UK prime minister Boris Johnson’s government is also working closely with France — with whom relations are strained after Brexit — to try to engineer a UN response to the crisis in Afghanistan.
While UK ministers were privately scathing about the manner of the US withdrawal, Tony Blair, the former UK prime minister who took British troops into Afghanistan 20 years ago, said Washington’s strategy was based on “an imbecilic political slogan about ending the ‘forever wars’”.
His comments were a reference to Biden’s promise to remove US forces from Afghanistan by the 20th anniversary of the September 11 terror attacks.
Downing Street has denied any rift between Johnson and Biden, but the British prime minister’s foreign policy — heavily dependent on the US — has been shaken by the crisis and has forced London to court other capitals.
Johnson, anxious to show that the UK is still relevant as a “convening power” when he chairs a virtual summit of the G7 on Tuesday, tweeted that the group of wealthy nations would co-ordinate efforts “to ensure safe evacuations, prevent a humanitarian crisis and support the Afghan people”.
The US and the UK governments have come under intense criticism since the Taliban seized power a week ago in the wake of the American troop withdrawal.
Efforts to evacuate Afghans who worked for western militaries and other organisations have been blighted by chaos as thousands of desperate families have thronged Kabul airport. Britain’s defence ministry said on Sunday that seven Afghans died in crowds in the capital.
Dominic Raab, foreign secretary who was criticised for remaining on holiday in Greece as Kabul fell to the Taliban last week, confirmed that he would contact Beijing and Moscow over Afghanistan.
“We’re going to have to bring in countries with a potentially moderating influence like Russia and China, however uncomfortable that is,” Raab told Britain’s Sunday Telegraph newspaper.

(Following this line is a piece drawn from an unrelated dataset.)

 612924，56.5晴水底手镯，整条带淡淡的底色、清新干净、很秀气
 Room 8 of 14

Both Russia and China have engaged with the Taliban.
A meeting of the five permanent members of the UN Security Council — China, France, Russia, UK and US — will this week discuss how to deal with a nascent Taliban regime, including aid and counter-terrorism policy.

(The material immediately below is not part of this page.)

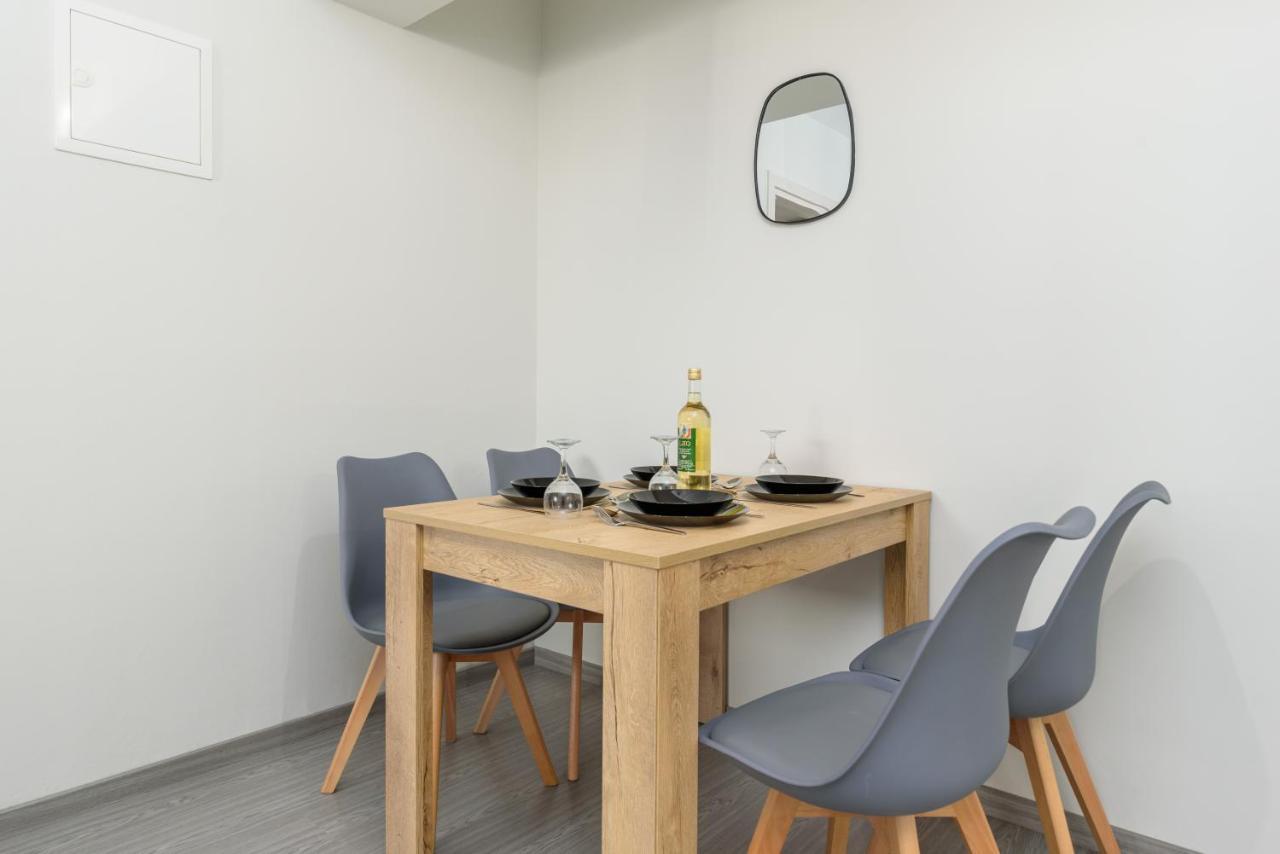 2-br By Finikoudes Apartment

“This is a big moment for the UN,” said one British official.
UK officials were moderately encouraged by a call between Raab and Wang Yi, his Chinese counterpart, last week, but no call has yet taken place with Russia’s foreign minister Sergei Lavrov.
Britain is also working with France to craft a UN Security Council resolution on Afghanistan, prompting some to argue that Johnson needs to recalibrate his foreign policy towards European allies after the bitterness of Brexit.
“One lesson we should draw is that if Britain and the EU countries in Nato want to play a significant role militarily we will need to work together closely to develop a capability which means we don’t have to depend on an American presence,” Damian Green, a former Tory cabinet minister. “The sooner we start along this path the better.”
A senior UK military officer agreed. “This government has put all its eggs — and the whisk and bowl — into the US basket,” he said. “The only “forever war” Britain has is with the EU. It’s ridiculous.”
Johnson’s allies argue that the US has long been on a path to extricate itself from conflicts in Iraq and Afghanistan as Washington’s focus turns to Asia.
UK defence minister James Heappey said efforts to evacuate Britons and eligible Afghans from Kabul had improved over the past 24 hours, with more than 1,700 people airlifted out of the country.
Lloyd Austin, US defence secretary, repeated on Sunday that Biden’s August 31 deadline for a total American troop pullout might have to be extended. Britain has indicated to Washington it would welcome an extension.
A UK official said the evacuation timetable was “tight” with the UK still trying to bring out people said to number “in the low thousands”.